The existence of number tables has always been a little pain. Yes, they’re very, very simple, but they need to be there. So if you just need to script some SQL query, you may find that you need to create such tables. Ummm… this means you need to have privileges (at least CREATE TEMPORARY and INSERT, if not CREATE).

The other day, Baron Schwartz posted How to round to the nearest whole multiple or fraction in SQL. In an offhand way, he generated some random numbers using the mysql.help_topic table. I then realized that post solved something I’ve been looking for: using a sure-to-exist table on any MySQL installation.

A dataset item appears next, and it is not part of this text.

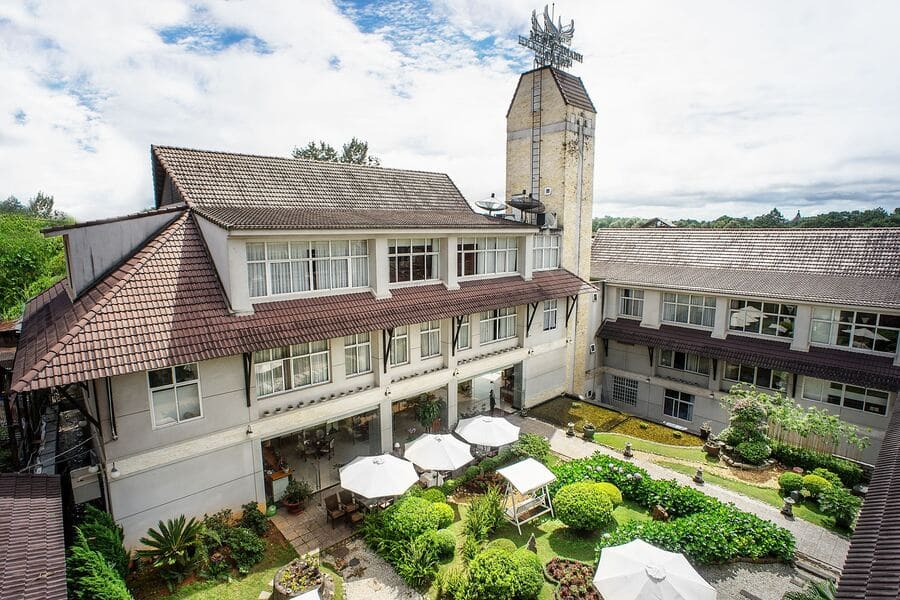 Muong Thanh Holiday Dalat - Khách sạn đối diện hồ Xuân Hương đầy hoa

What does the table consist of? It consists, among other columns, an incrementing help_topic_id column:

SELECT help_topic_id FROM mysql.help_topic LIMIT 10;
+---------------+
| help_topic_id |
+---------------+
|             0 |
|             1 |
|             2 |
|             3 |
|             4 |
|             5 |
|             6 |
|             7 |
|             8 |
|             9 |
+---------------+

Still feels unsafe?

The above result provides with sequential integers. But can we guarantee this? Will the numbers never have skipped values? We don’t have to rely on these values. We can force them to our liking:

SELECT @counter := @counter+1 AS value
FROM mysql.help_topic, (SELECT @counter := 0) AS sel1
LIMIT 10;
+-------+
| value |
+-------+
|     1 |
|     2 |
|     3 |
|     4 |
|     5 |
|     6 |
|     7 |
|     8 |
|     9 |
|    10 |
+-------+

All we actually need is the existence of rows within this table. We don’t care which columns, what their names are, and of which data types they are. Said table currently has 484 rows. One can use CROSS JOIN to achieve more than that:

SELECT @counter := @counter+1 AS value
FROM mysql.help_topic t1, mysql.help_topic t2, (SELECT @counter := 0) AS sel1
LIMIT 20000;
+-------+
| value |
+-------+
|     1 |
|     2 |
|     3 |
|     4 |
|     5 |
...
| 19992 |
| 19993 |
| 19994 |
| 19995 |
| 19996 |
| 19997 |
| 19998 |
| 19999 |
| 20000 |
+-------+

Number generation

We are now in full control of generated numbers. We don’t have to generate sequential numbers. We can generate odd numbers only; multiples of 10, of PI… Following I’ll be generating the Fibonacci series:

SELECT @c3 := @c1 + @c2 AS value, @c1 := @c2, @c2 := @c3
FROM mysql.help_topic, (SELECT @c1 := 1, @c2 := 0) sel1
LIMIT 15;
+-------+------------+------------+
| value | @c1 := @c2 | @c2 := @c3 |
+-------+------------+------------+
|     1 |          0 |          1 |
|     1 |          1 |          1 |
|     2 |          1 |          2 |
|     3 |          2 |          3 |
|     5 |          3 |          5 |
|     8 |          5 |          8 |
|    13 |          8 |         13 |
|    21 |         13 |         21 |
|    34 |         21 |         34 |
|    55 |         34 |         55 |
|    89 |         55 |         89 |
|   144 |         89 |        144 |
|   233 |        144 |        233 |
|   377 |        233 |        377 |
|   610 |        377 |        610 |
+-------+------------+------------+

Conclusion

Using 5.0 and above, you can also use the various INFORMATION_SCHEMA tables (e.g. INFORMATION_SCHEMA.COLLATIONS). Some of these may be slow to load, though.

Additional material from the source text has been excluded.